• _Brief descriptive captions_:
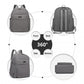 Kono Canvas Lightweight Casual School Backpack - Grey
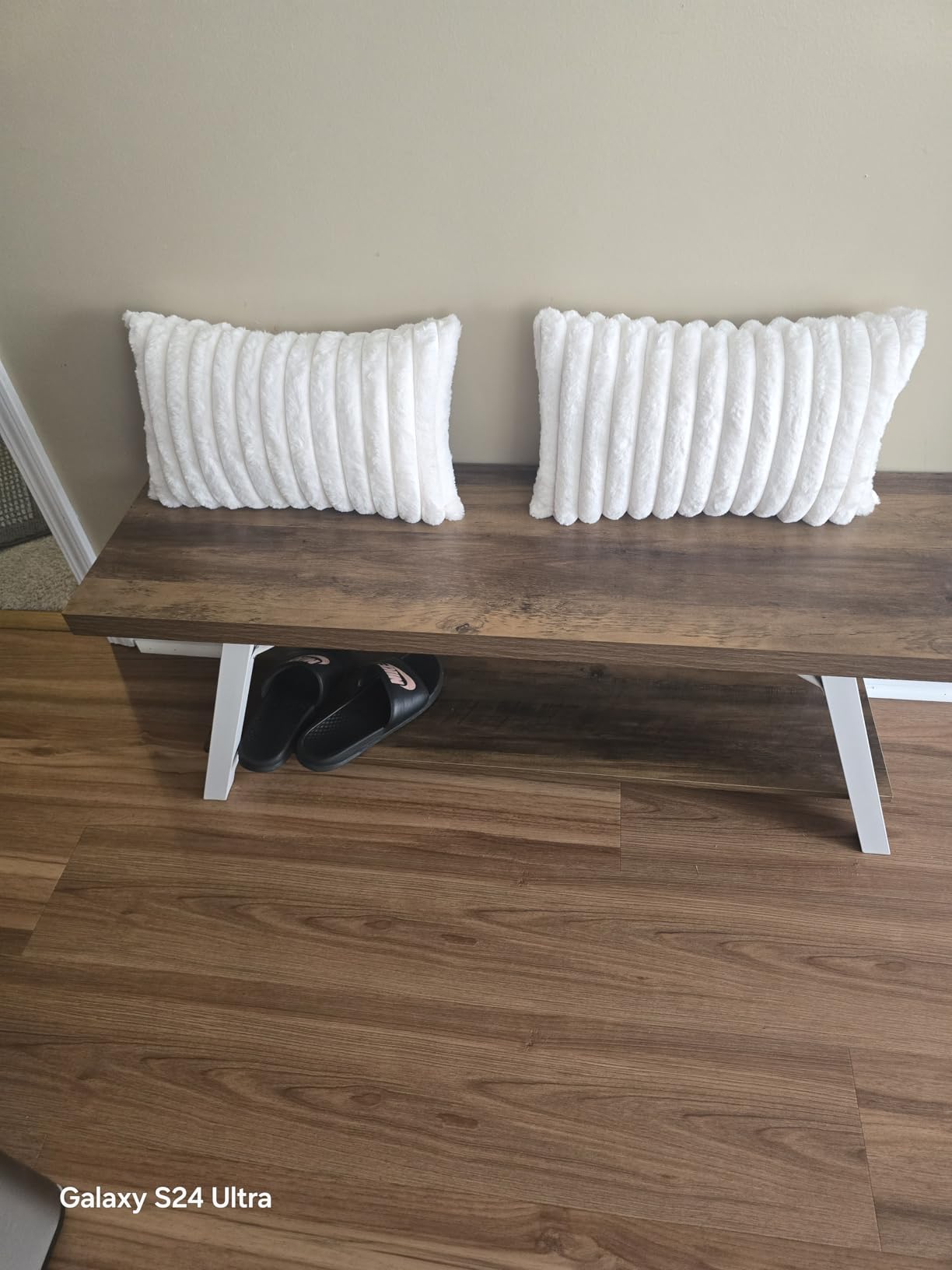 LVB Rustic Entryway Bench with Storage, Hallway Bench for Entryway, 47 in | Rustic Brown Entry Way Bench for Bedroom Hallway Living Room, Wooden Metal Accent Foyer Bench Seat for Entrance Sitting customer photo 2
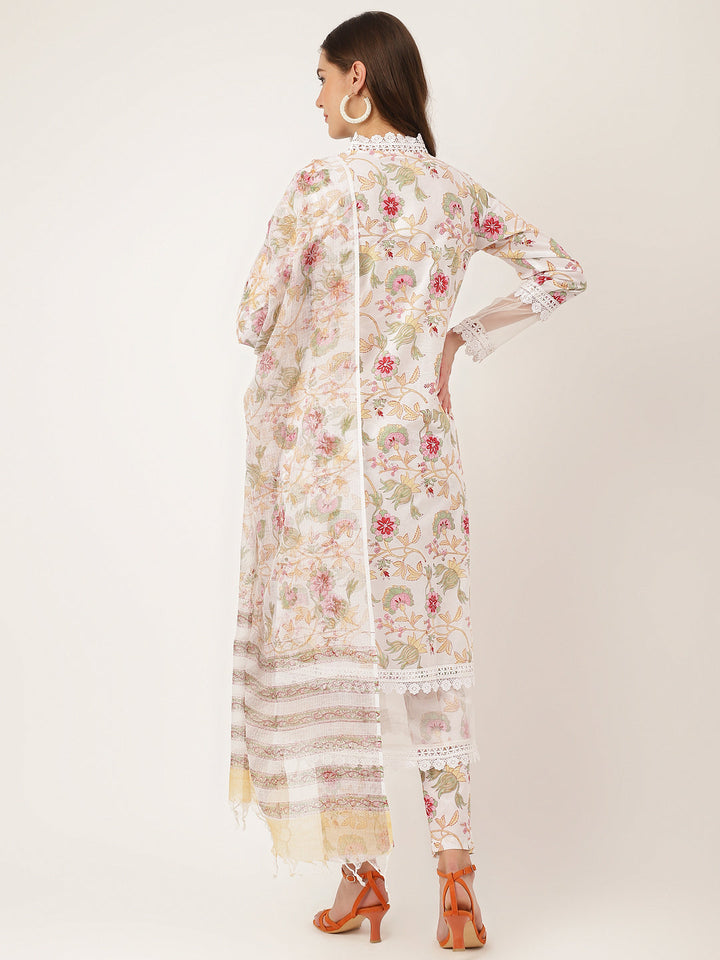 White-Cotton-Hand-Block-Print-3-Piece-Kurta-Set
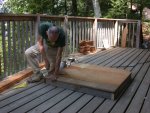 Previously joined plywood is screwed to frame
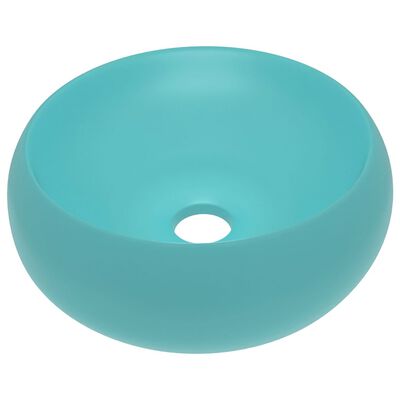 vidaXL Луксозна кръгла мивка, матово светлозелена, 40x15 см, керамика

• _Problem description_:
Output only the lines from the one that contains "White-Cotton-Hand-Block-Print-3-Piece-Kurta-Set" to the end of the entries above, both end lines included, and drop the pictures.

• _Reply_:
 White-Cotton-Hand-Block-Print-3-Piece-Kurta-Set
 Previously joined plywood is screwed to frame
 vidaXL Луксозна кръгла мивка, матово светлозелена, 40x15 см, керамика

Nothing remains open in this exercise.